A day after Reserve Bank of India (RBI) Deputy Governor N S Vishwanathan ruled out easing new norms for non-performing asset (NPA) resolution, the government doubled down on its stance that a strict application of these norms could send too many cases to the National Company Law Tribunal (NCLT) and clog the insolvency pipeline. Business Standard has learnt from senior government sources that the finance ministry will initiate a fresh round of communication with the RBI once Governor Urjit Patel returns to India.
Patel, along with Deputy Governor Viral Acharya, is in Washington, DC for the World Bank-International Monetary Fund Spring meeting, which is slated to end on April 22.
Officials also said the Prime Minister’s Office and Finance Minister Arun Jaitley had been apprised of the matter. A source said after Principal Economic Advisor Sanjeev Sanyal wrote to the RBI on the drawbacks of the new NPA norms, officials in the departments of economic affairs and financial services of the finance ministry also communicated to the RBI, seeking a relaxation.

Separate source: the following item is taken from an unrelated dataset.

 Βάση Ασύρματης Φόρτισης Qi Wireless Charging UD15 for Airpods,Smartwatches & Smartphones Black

“What the government has asked for is a well-defined process to deal with an NPA for the 180 days which lead up to the NCLT. The joint lending forums have gone. But we have asked the RBI whether any alternative can be set up for banks to take care of the smaller cases, thus negating the need to approach the NLCT always,” the official said. “The one-day default norm is being seen as harsh, and may specifically be detrimental for small and medium businesses,” the person said.
On Wednesday, Vishwanathan raised concerns over the large number of borrowers failing on the one-day default norm, and asked lenders to take this as a warning indicator warranting action.

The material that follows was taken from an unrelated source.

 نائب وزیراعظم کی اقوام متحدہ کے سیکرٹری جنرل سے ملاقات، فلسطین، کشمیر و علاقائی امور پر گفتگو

Amid rising bad loans, which have crossed 10 per cent of the amount lent, the Reserve Bank had on February 12 released a revised framework on bad loan resolution, under which banks will have to disclose default even if interest repayment is overdue by just one day and have a resolution plan in place in 180 days. If it fails to find a resolution within this stipulated time, the defaulting company will have to be referred to insolvency courts.
On April 10, Patel told parliamentarians the new NPA norms would not be eased.